**ENTRIES SUPPLIED:**
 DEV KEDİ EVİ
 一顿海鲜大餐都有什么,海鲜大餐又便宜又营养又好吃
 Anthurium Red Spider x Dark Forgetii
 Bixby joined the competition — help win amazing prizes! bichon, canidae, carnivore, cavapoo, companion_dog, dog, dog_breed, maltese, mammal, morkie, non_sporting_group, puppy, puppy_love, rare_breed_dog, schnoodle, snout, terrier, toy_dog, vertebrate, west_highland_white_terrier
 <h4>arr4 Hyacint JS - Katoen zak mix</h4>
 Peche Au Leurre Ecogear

**WHAT TO PRODUCE:**
The response should be an exact copy of the lines from the one with "Bixby joined the" through the end of the data, with no other text.

**RESULT FOR THIS EXERCISE:**
 Bixby joined the competition — help win amazing prizes! bichon, canidae, carnivore, cavapoo, companion_dog, dog, dog_breed, maltese, mammal, morkie, non_sporting_group, puppy, puppy_love, rare_breed_dog, schnoodle, snout, terrier, toy_dog, vertebrate, west_highland_white_terrier
 <h4>arr4 Hyacint JS - Katoen zak mix</h4>
 Peche Au Leurre Ecogear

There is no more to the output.